In the image below, square A and B have the same color but our brain is more biased towards light that it sees them as two different colors and can only spot the similarity once they are connected and the influence of interpolation is no longer a factor. The way visual compression algorithms work is that they sample color much less than they sample brightness. Images are made up of the luma (light component) and the chroma (color components); visual compression algorithms sample chroma less than they sample luma. For example, for every 4 pixels sampled in luma, only 1 pixel is sampled in chroma. This is what’s referred to as chroma subsampling.

So if our end goal is to achieve a specific objective with the data (as is the case with visual compression) and not just keep the entire data itself, lossy compression can do wonders because then our only concern is keeping the minimal amount of features that serve the objective. This objective can be anything from reconstructing the full image, to tricking human senses to finding the smallest set of features that distinctively represent observations from a dataset.

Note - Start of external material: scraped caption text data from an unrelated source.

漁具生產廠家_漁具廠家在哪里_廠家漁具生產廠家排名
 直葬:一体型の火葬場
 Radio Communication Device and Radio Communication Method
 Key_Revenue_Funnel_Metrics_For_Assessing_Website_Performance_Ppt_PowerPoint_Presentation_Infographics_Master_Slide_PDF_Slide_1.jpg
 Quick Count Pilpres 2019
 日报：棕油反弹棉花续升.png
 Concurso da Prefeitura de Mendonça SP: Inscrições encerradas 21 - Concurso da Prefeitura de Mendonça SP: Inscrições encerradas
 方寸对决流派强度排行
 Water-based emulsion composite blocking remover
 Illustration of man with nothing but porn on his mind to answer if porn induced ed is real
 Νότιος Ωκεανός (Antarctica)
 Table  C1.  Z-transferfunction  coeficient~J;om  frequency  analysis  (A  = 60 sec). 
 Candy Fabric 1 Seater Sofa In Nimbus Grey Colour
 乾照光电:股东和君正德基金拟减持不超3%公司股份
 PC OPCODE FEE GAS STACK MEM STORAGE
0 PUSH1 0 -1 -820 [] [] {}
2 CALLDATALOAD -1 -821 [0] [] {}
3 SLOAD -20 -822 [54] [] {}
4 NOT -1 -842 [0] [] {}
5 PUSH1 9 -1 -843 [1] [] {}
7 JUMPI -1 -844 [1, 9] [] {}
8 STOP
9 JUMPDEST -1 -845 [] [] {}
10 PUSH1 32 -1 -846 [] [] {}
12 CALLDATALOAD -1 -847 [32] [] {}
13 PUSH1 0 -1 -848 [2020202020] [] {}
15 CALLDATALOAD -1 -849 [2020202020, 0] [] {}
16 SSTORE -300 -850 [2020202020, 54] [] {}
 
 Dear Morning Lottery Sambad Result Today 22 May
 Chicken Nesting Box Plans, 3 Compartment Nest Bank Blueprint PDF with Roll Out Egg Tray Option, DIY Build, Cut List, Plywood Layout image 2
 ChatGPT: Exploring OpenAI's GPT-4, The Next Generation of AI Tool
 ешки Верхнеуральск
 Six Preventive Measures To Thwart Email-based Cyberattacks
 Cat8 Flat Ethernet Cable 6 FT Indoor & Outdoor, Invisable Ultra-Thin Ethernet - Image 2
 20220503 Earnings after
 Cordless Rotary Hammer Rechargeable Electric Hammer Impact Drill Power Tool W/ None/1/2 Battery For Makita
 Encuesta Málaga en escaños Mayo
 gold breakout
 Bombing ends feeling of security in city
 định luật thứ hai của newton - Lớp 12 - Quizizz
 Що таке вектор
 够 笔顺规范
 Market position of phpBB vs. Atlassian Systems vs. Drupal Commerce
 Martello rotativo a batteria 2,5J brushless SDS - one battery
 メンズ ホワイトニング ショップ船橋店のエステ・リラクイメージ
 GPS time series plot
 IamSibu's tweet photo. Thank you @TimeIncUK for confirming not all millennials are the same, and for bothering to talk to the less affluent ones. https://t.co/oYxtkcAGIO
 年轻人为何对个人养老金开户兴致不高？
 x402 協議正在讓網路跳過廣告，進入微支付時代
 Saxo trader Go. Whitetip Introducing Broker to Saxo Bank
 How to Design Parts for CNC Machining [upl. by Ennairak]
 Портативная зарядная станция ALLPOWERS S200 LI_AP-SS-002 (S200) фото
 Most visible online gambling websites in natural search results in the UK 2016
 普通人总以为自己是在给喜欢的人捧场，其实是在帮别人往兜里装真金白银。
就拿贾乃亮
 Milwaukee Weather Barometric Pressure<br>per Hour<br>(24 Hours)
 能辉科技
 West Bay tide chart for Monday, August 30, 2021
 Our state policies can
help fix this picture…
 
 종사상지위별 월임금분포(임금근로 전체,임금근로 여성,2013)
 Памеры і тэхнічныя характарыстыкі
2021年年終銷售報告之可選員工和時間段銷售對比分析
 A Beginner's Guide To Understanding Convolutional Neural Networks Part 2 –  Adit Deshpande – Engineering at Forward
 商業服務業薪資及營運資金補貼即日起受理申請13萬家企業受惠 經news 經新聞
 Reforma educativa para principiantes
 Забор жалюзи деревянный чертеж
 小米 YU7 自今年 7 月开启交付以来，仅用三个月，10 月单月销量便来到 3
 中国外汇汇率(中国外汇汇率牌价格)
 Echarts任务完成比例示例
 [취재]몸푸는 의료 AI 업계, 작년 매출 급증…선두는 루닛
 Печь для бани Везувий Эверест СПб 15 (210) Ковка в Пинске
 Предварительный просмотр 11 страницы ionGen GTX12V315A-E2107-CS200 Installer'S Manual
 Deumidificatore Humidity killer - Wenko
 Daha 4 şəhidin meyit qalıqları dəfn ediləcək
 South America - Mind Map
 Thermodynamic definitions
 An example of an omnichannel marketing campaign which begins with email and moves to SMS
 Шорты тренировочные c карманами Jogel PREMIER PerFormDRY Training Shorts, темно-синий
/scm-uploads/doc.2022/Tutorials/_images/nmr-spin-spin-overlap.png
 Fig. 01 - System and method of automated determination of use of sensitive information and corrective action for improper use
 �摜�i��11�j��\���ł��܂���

The notion of compressing data from high vector space into a low dimension feature vector is what many neural network architectures successfully do. These distinctive feature vectors can then be used for all sorts of applications such as reconstructing the full image as is the case in normal image compression; creating a super resolution version of the full image for applications like gaming; in computer visions and natural language processing where these low dimension vectors are used directly to compare data similarity; or fed to all sorts of classifiers and reinforcement learning algorithms.

This article acted as an introduction to ANNs and a primer on compression algorithms. Part 2 of this article will explore the relationship between ANNs and compression in more detail, and explain the role that machine learning plays in the process. It will make the argument that - in essence - ANNs are nothing but fancy compression algorithms.